JFrog security researchers reported that the PyPI package repository is vulnerable to attacks where malicious packages are uploaded using the same name as previously deleted packages. If continuous integration tools such as Jenkins trust and install these packages, automatic infection can occur.

When a project is removed from PyPI, its package name becomes immediately available to other users. Attackers can re‑use that name, and developers may unknowingly download a malicious version, believing it to be the original.

This technique is more powerful than domain squatting because there is no indication that a previously trusted package now belongs to a new owner. The researchers demonstrated the attack by creating a package, deleting it, and then replacing it with a same‑named package from a different account with a higher version number, successfully fooling pip.

They observed that running pip list --outdated shows the impostor as merely a “new version” (e.g., 4.0.0) – same name but completely different code.

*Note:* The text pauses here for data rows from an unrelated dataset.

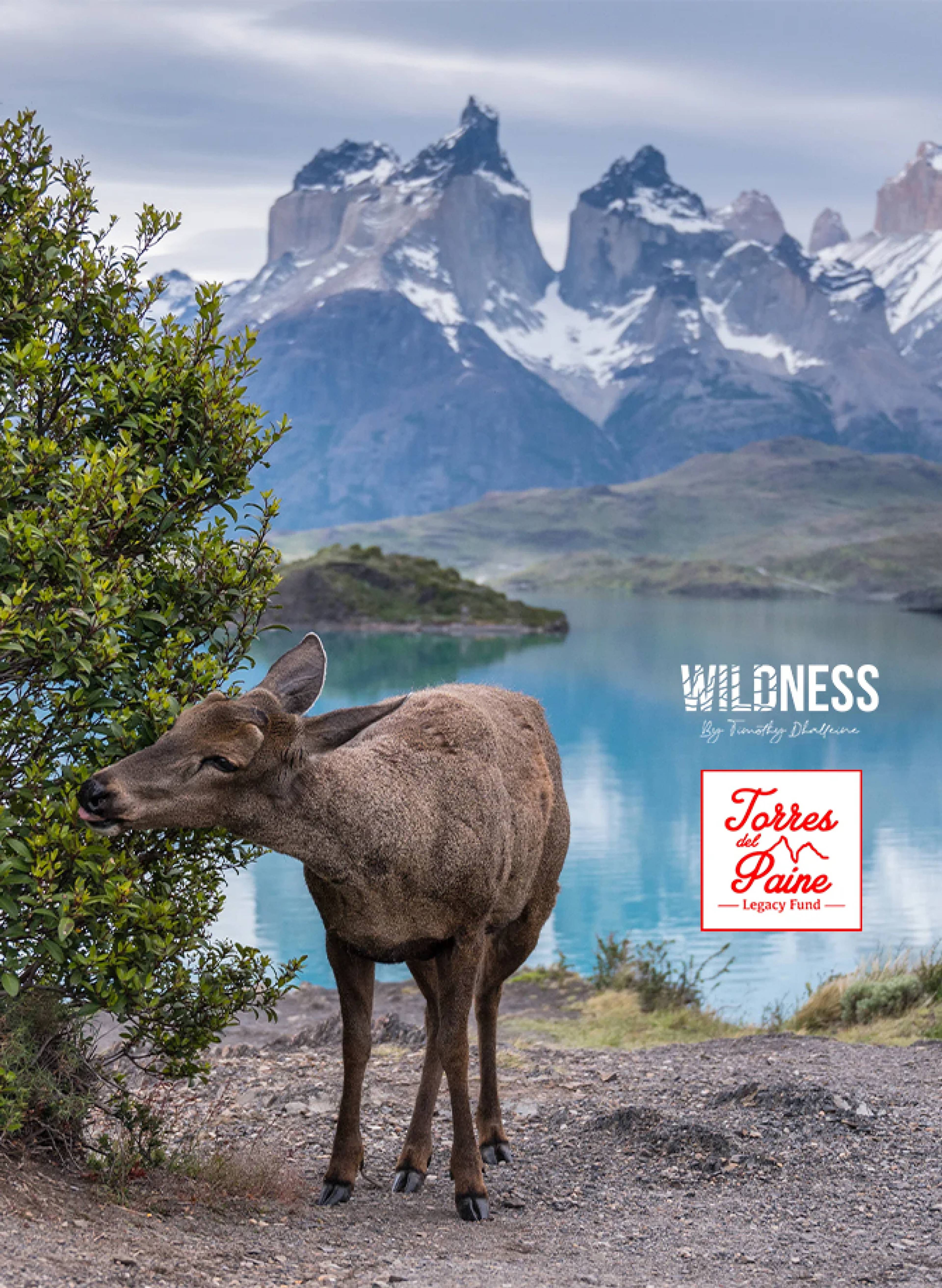 A huemul, the endangered south Andean deer, browsing beside the lake with the Cuernos del Paine behind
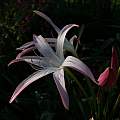 Closeup of Crinum mauritianum × C. lineare, Alani Davis [Shift+click to enlarge, Click to go to wiki entry]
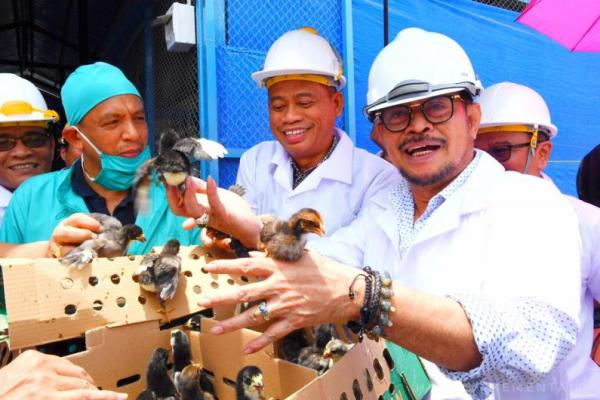 Kementerian Pertanian dorong ada industri pembibitan ayam kampung di Makassar.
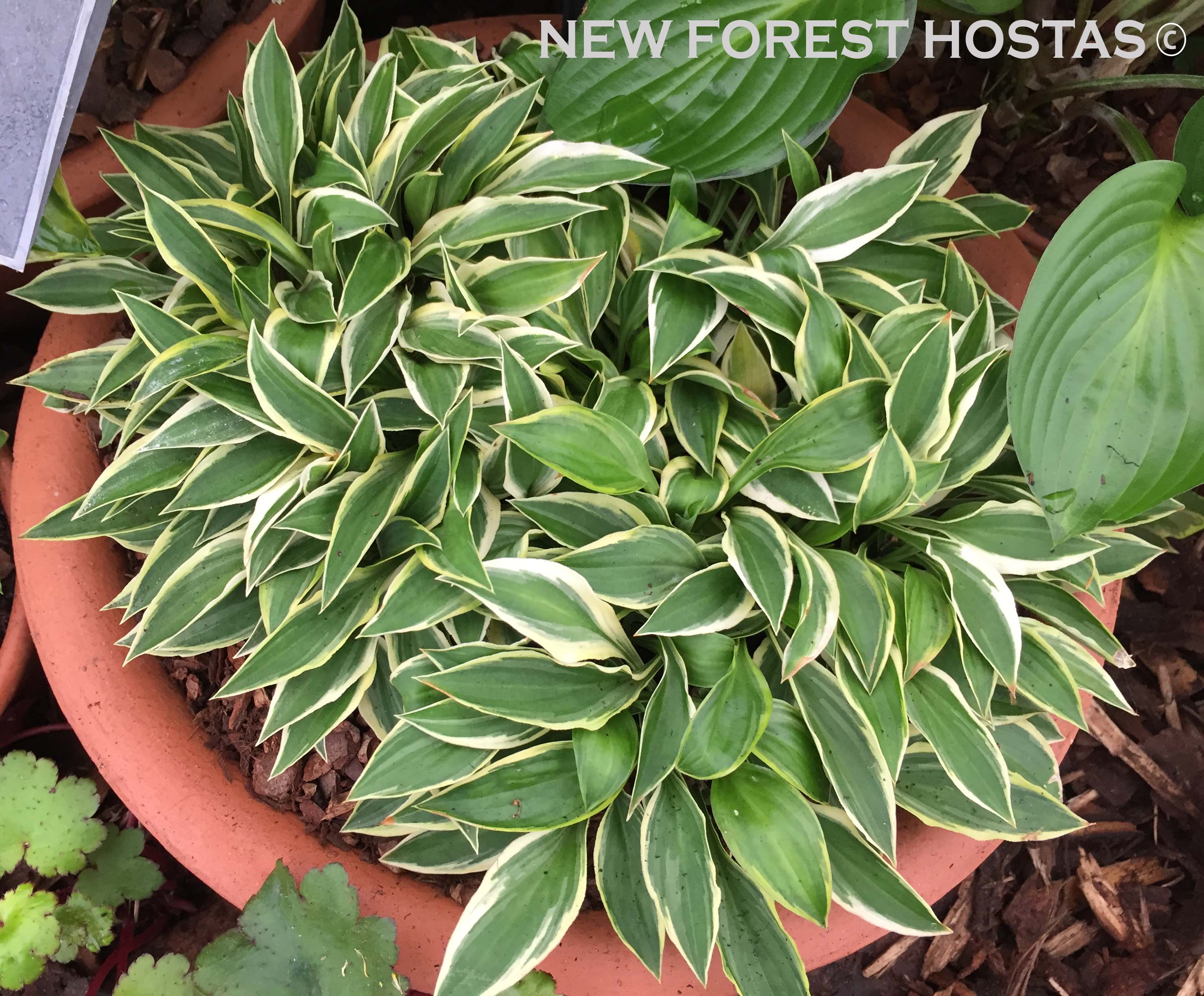 Hosta 'Hush Puppie' - New Forest Hostas & Hemerocallis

According to the paper, PyPI deletes about 300 packages each month. Even after filtering out packages with more than 100,000 downloads or that have been active for over six months, the researchers identified over 22,000 packages that could potentially be hijacked.

The team also reserved a small set of popular vulnerable package names as empty packages to prevent hijacking. In three months, these empty packages were downloaded nearly 200,000 times, indicating that outdated jobs and scripts still search for deleted packages or users manually download them due to name squatting.

One concrete case involved the package pingdomv3 . The original Pingdom API is a monitoring service operated by SolarWinds, but pingdomv3 was an independent project last updated in 2020. The original author removed it from PyPI on March 30 2024; shortly after, a new developer claimed the name and uploaded a malicious version on April 12, which was reported and promptly removed.

The malicious payload’s details were not disclosed, but it downloads a script and executes it via Python’s exec command, assuming the package runs in a Jenkins environment.

Although the study was reported to PyPI in May, the JFrog team said they have not received a response. They advise PyPI users to stay vigilant and ensure their CI/CD pipelines do not attempt to install packages that have been removed from PyPI.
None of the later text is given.